# WORK ITEM
Retype nothing except the lines below from the one with "Bombax 'ın kırmızı" through the one with "San Miguel de Salinas - Inland", exactly, with images left out.

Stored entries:
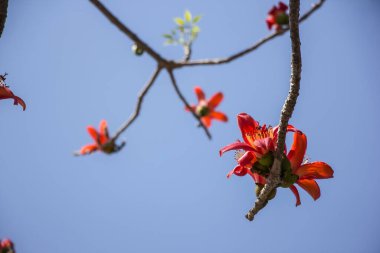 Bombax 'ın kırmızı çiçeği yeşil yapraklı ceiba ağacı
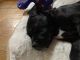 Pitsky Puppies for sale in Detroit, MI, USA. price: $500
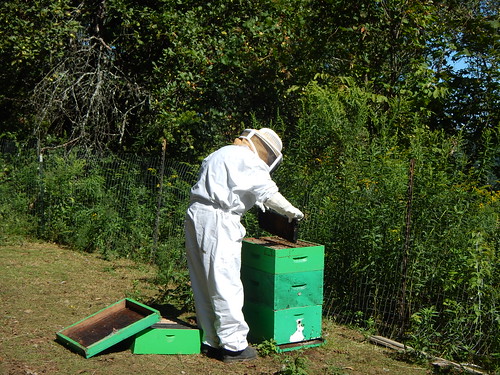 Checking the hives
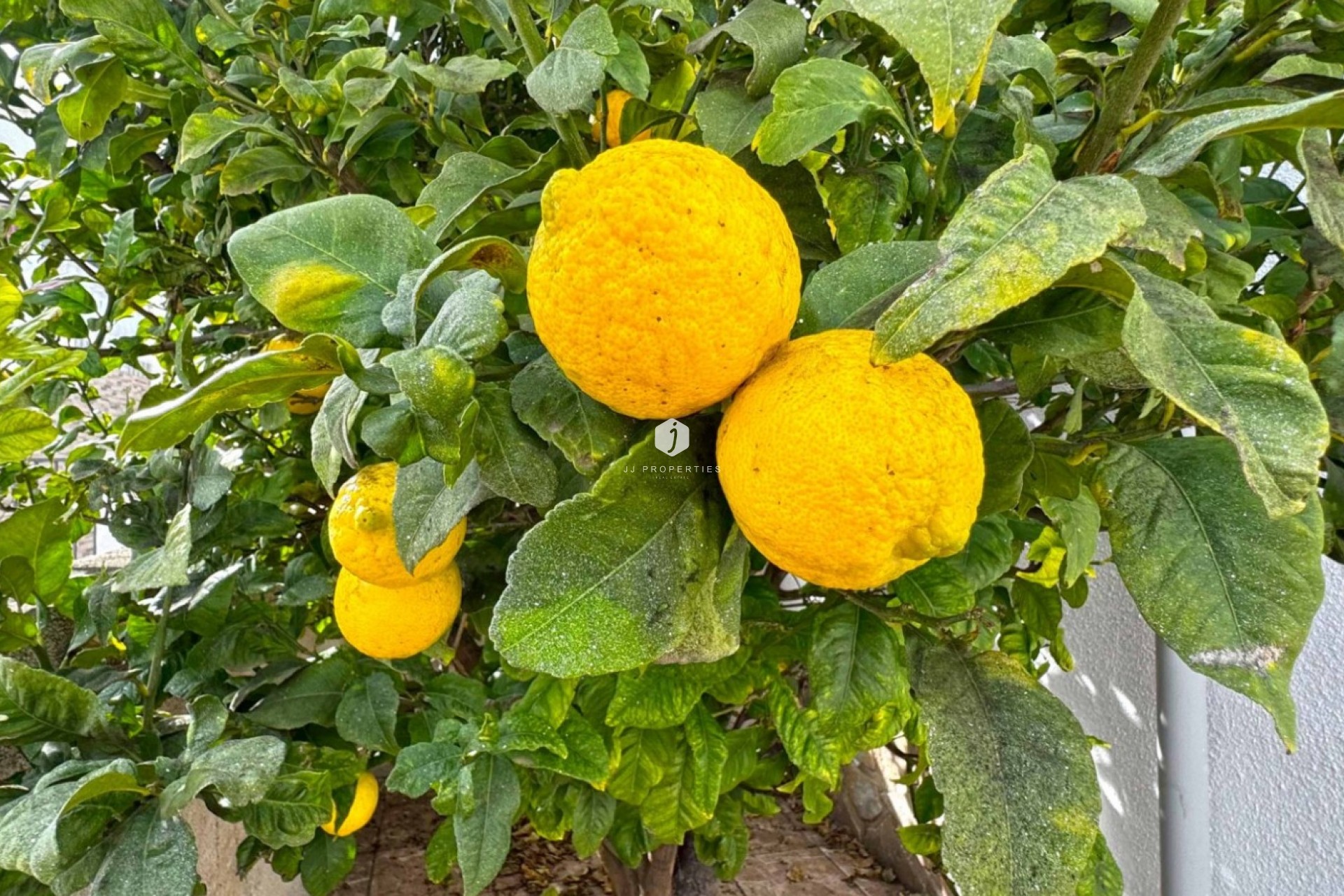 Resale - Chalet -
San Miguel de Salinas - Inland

* * *

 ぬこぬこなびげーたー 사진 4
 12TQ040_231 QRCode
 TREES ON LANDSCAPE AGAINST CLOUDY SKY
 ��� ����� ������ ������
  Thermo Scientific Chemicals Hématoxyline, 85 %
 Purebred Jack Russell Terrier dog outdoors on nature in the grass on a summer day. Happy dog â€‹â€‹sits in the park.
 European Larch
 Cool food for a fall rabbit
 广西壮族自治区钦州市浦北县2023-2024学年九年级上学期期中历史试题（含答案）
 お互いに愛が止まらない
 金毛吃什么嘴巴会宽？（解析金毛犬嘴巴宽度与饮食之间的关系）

---

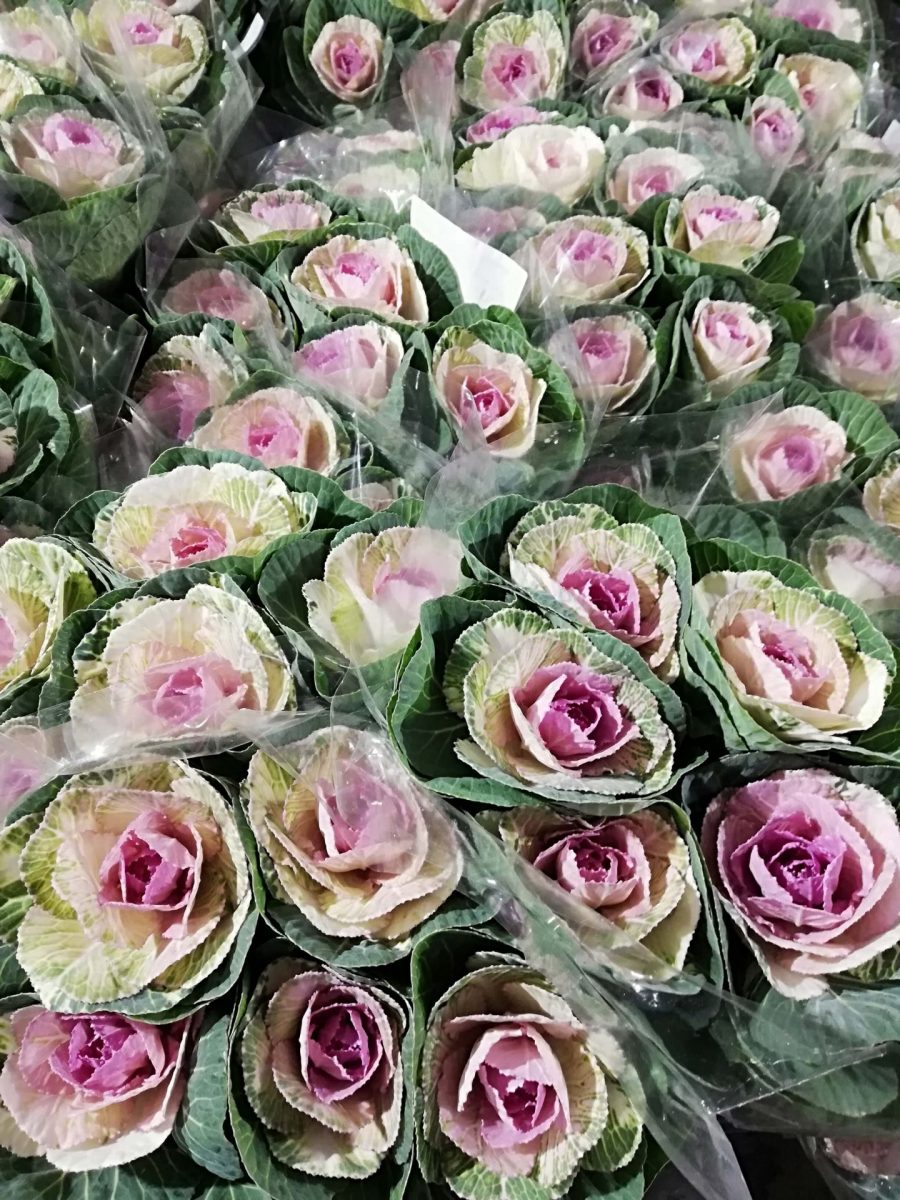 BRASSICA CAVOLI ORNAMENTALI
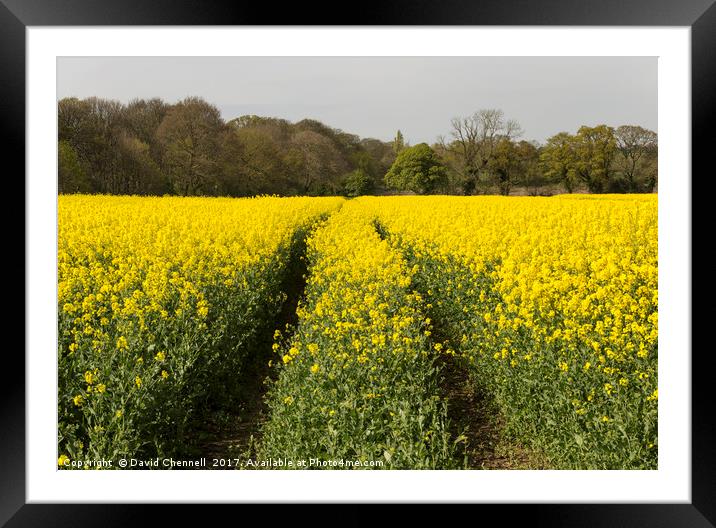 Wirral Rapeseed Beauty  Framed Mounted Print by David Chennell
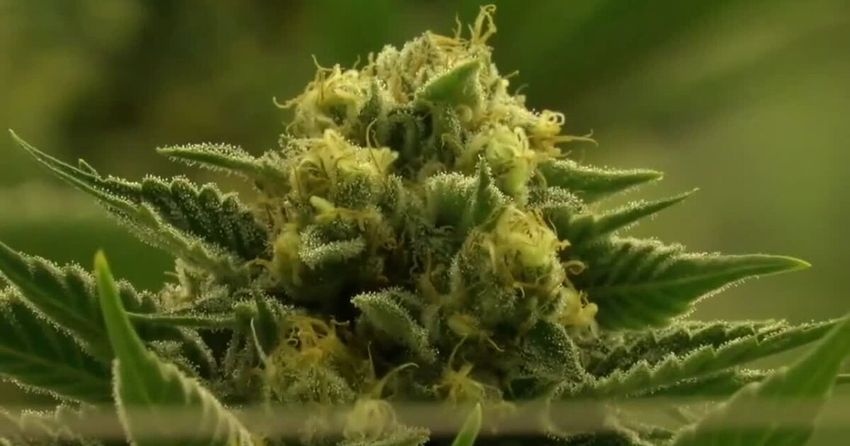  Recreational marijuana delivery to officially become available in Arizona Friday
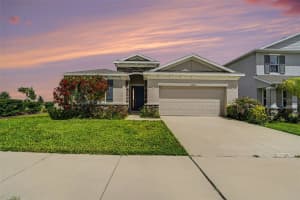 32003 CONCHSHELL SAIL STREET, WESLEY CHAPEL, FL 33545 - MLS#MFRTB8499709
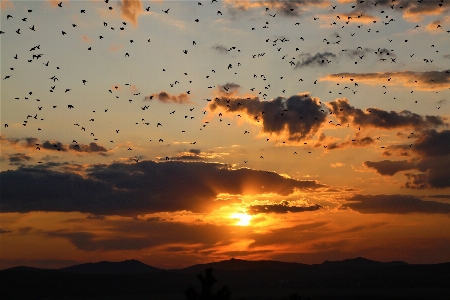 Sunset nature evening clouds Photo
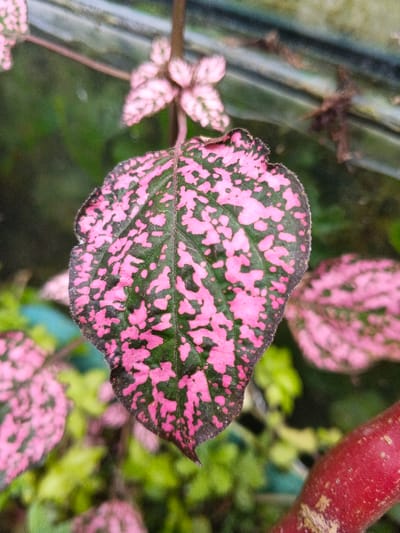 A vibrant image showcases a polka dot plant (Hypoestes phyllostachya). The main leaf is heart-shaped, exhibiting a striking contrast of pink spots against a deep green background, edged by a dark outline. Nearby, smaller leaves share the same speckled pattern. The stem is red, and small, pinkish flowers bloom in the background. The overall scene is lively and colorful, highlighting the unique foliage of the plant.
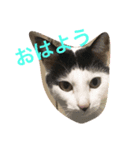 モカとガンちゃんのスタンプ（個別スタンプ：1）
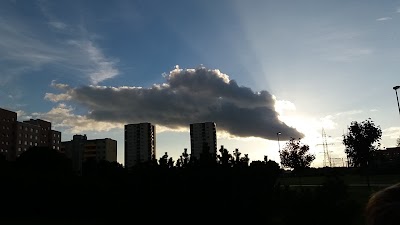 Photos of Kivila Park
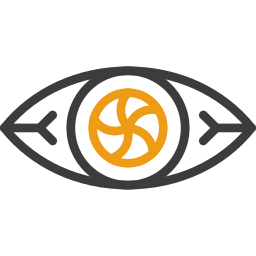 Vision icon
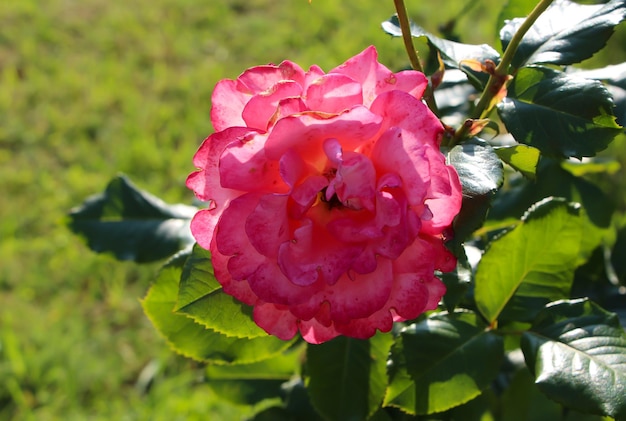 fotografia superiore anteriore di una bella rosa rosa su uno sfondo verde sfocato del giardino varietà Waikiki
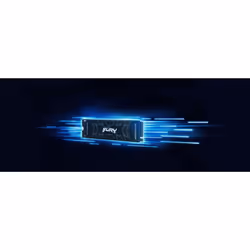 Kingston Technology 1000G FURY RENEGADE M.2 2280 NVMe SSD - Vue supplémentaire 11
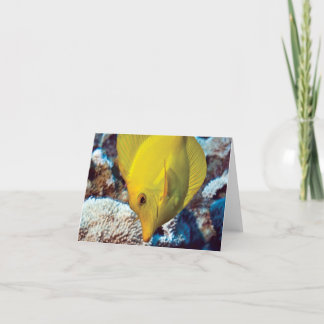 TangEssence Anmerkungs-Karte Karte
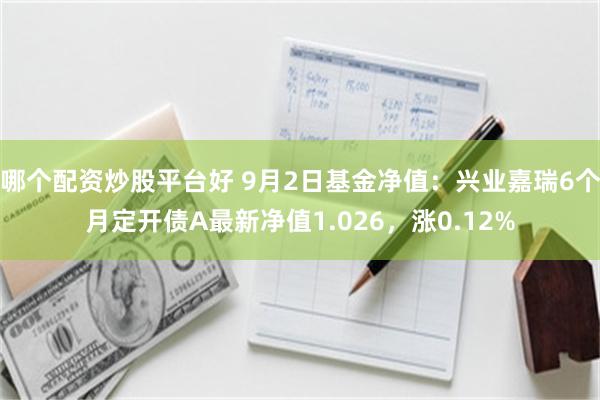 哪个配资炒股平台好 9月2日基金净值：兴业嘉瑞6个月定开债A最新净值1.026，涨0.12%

# RESPONSE TO THE TASK
 Bombax 'ın kırmızı çiçeği yeşil yapraklı ceiba ağacı
 Pitsky Puppies for sale in Detroit, MI, USA. price: $500
 Checking the hives
 Resale - Chalet -
San Miguel de Salinas - Inland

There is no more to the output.